Hi. My name is Ashish Vanjari. I work for C2000 safety team. Tuning or customizing a large MCU FMEDA to the application's specific needs is an essential step in system-level safety analysis. In this video, we will see a demo of tuning FMEDA for TI's TMS320F28x7x family of MCU.

This video demo of tuning or customizing TMS320F28x7x FMEDA consists of five parts. In part 1, we will understand what an FMEDA provides as basic contents and how it is useful in system-level safety analysis. In part 2, we will introduce TMS320F28x7x FMEDA spreadsheet, its tabs, and conventions with support tuning to announce the user ability to customize the FMEDA for application's specific needs.

Videos of part 3, part 4, and part 5 will be available on request as part of C2000 SafeTI package. In part 3, we will take a look at detailed view of customization that is supported on TMS320Fx7x FMEDA. In part 4, before we tune the FMEDA, we will take a look at why customization is required for FMEDA and what planning needs to be done before starting it. And finally in part 5, we will see a demo of how to tune TMS320F28x7x FMEDA to satisfy your application's specific needs. And then we will take a look at final results and compare the same before and after tuning.

Let us get started with part 1. For the hardware designs, targeted at safety critical applications, safety analysis is an important step to ensure there is no violation of the safety goal due to malfunctions in hardware components. ISO 26262 function safety standard and command, two methods of safety analysis, mainly, one, deductive analysis and, two, inductive analysis. Deductive analysis is a top down approach of safety analysis, and a common method of top-down analysis is FTA, that is fault tree analysis. Inductive analysis, on the other hand, is a bottom-up approach of analysis, and a common method is FMEA, that is failure mode and effects analysis.

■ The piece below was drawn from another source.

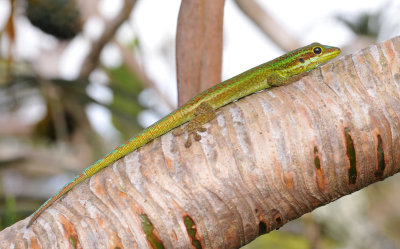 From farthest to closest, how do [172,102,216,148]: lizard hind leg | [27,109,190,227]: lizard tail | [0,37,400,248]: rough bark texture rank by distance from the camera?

A typical approach at item level is to use the FTA to analyze the violation of safety goal and identify hazardous events down with the component level. Failure modes of the hardware components and its parts are then analyzed from bottom-up analysis using FMEA. This way, FTA and FMEA can be combined for a right balance of top-down and bottom-up safety analysis at item level.

For example, FTA at application level can be initiated to identify basic failure events contributing to the violation of safety goals. This can be supported by FMEA at hardware-component level, which contributes to the list of failure events and respective failure modes. Quantitative data on failure modes become necessary to quantify the risk reduction for the violation of the safety goal.

FMEDA provides information about the failure mode that can be identified and connected to the appropriate FTA events. Thus correlating FMEDA events to FTA events can achieve complete safety analysis at item level. In general, FMEDA analysis at component level helps in conducting abortive analysis.

Does this part fail in this mode? Is the failure of safe or dangerous? Is there a diagnostic or safety mechanism to detect the failure? And what is the effectiveness of the safety mechanism? Finally, how much is this a real risk for violation of the safety goal. A basic MCU FMEDA failure mode effect and diagnostic analysis is a method of analysing impact of diagnostics on identified failure modes.

Quantitative FMEDA can really help in identifying failure modes, the probability of occurrence. There is failure rates and impact of implemented safety mechanisms in terms of diagnostic coverage. This helps interpreting hardware architectural metrics, single point fault metric, that is SPFM, latent fault metric, that is LFM, probabilistic metric of random hardware failures, that is PMHF. This is the end of part 1.